**About this exercise**
No pictures should be carried over. Output all other parts of the entries verbatim.

[Captioned web images]
=== Section Start ===

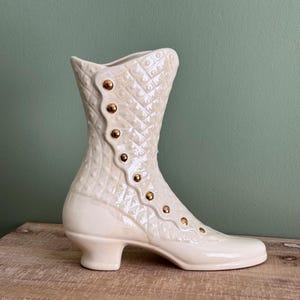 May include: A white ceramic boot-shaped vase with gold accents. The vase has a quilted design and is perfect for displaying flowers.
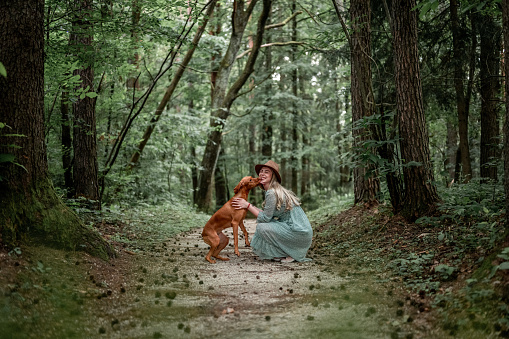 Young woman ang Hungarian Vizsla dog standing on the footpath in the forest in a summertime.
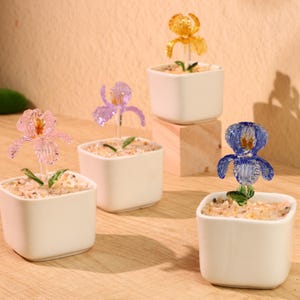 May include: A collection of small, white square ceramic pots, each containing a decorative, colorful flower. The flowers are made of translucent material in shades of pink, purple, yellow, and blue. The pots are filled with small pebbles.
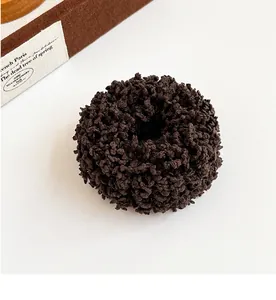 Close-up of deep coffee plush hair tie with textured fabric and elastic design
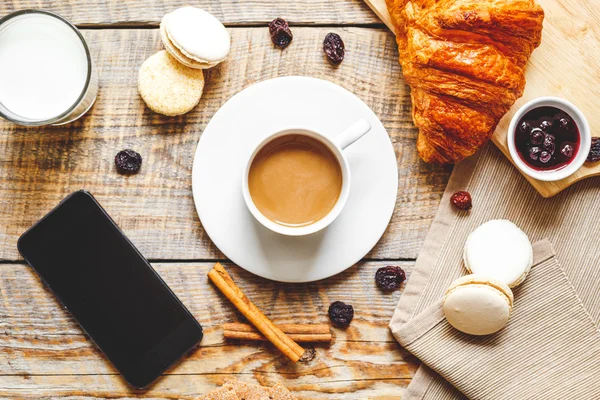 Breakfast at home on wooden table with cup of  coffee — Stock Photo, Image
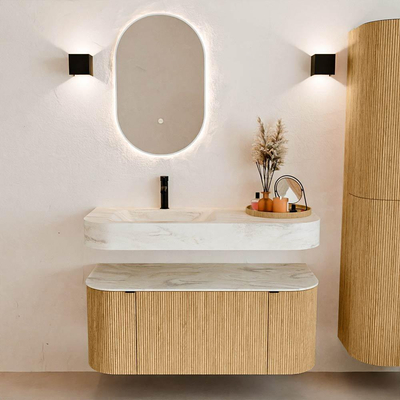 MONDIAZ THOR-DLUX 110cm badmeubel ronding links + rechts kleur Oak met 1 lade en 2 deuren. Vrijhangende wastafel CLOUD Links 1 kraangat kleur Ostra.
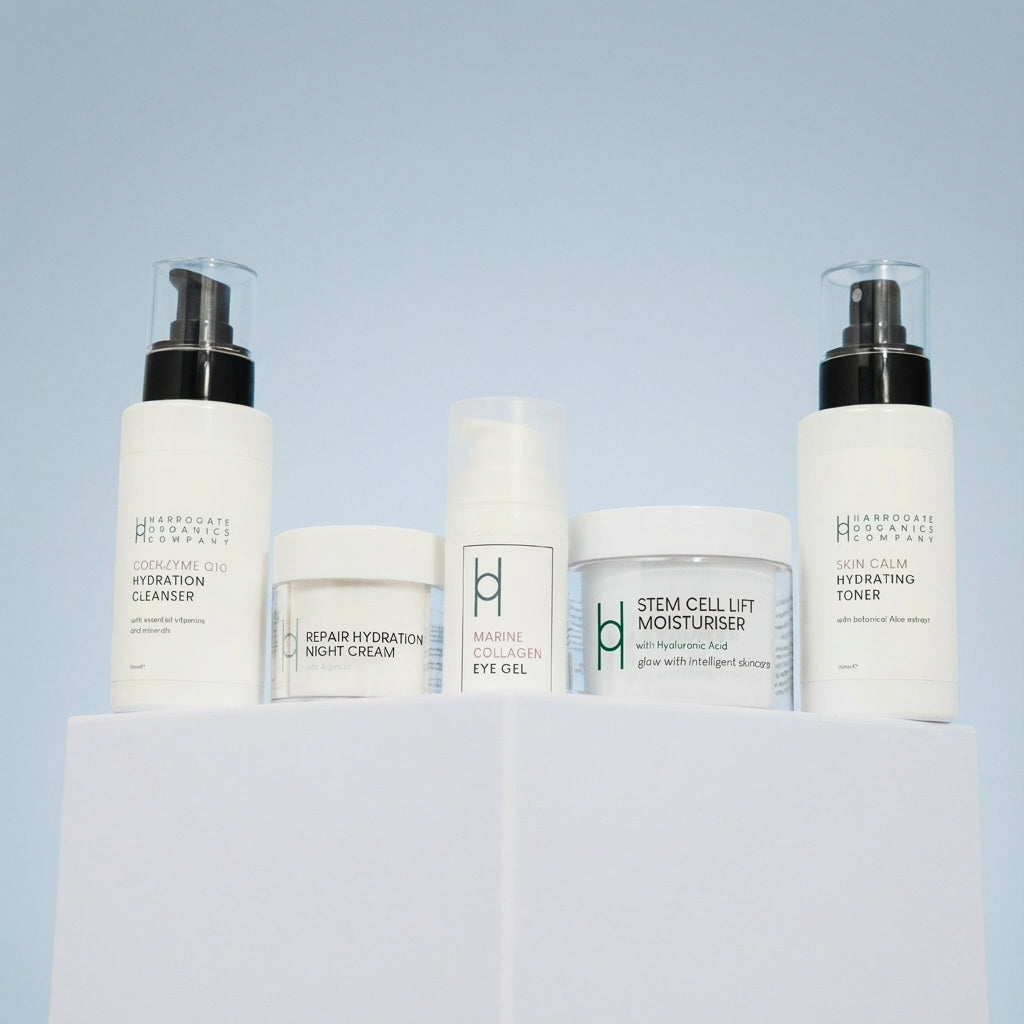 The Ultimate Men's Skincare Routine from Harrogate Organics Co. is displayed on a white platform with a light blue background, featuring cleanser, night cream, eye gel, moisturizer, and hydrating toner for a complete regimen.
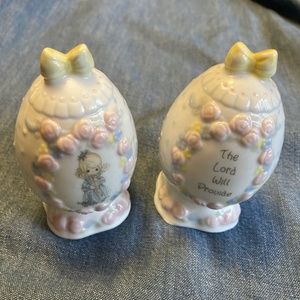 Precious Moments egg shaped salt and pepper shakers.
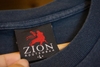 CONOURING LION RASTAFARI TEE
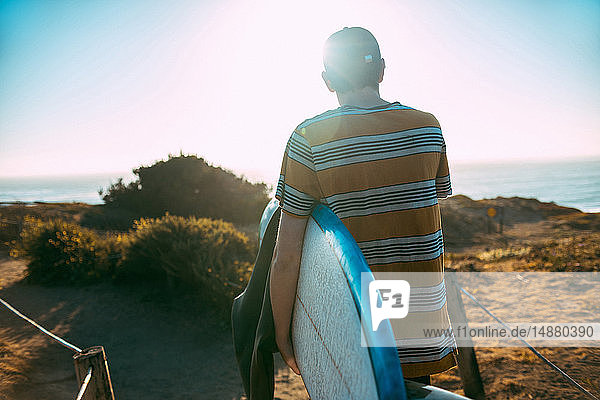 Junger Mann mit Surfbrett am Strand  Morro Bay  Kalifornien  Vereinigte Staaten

=== Section End ===

**Reply**
 May include: A white ceramic boot-shaped vase with gold accents. The vase has a quilted design and is perfect for displaying flowers.
 Young woman ang Hungarian Vizsla dog standing on the footpath in the forest in a summertime.
 May include: A collection of small, white square ceramic pots, each containing a decorative, colorful flower. The flowers are made of translucent material in shades of pink, purple, yellow, and blue. The pots are filled with small pebbles.
 Close-up of deep coffee plush hair tie with textured fabric and elastic design
 Breakfast at home on wooden table with cup of  coffee — Stock Photo, Image
 MONDIAZ THOR-DLUX 110cm badmeubel ronding links + rechts kleur Oak met 1 lade en 2 deuren. Vrijhangende wastafel CLOUD Links 1 kraangat kleur Ostra.
 The Ultimate Men's Skincare Routine from Harrogate Organics Co. is displayed on a white platform with a light blue background, featuring cleanser, night cream, eye gel, moisturizer, and hydrating toner for a complete regimen.
 Precious Moments egg shaped salt and pepper shakers.
 CONOURING LION RASTAFARI TEE
 Junger Mann mit Surfbrett am Strand  Morro Bay  Kalifornien  Vereinigte Staaten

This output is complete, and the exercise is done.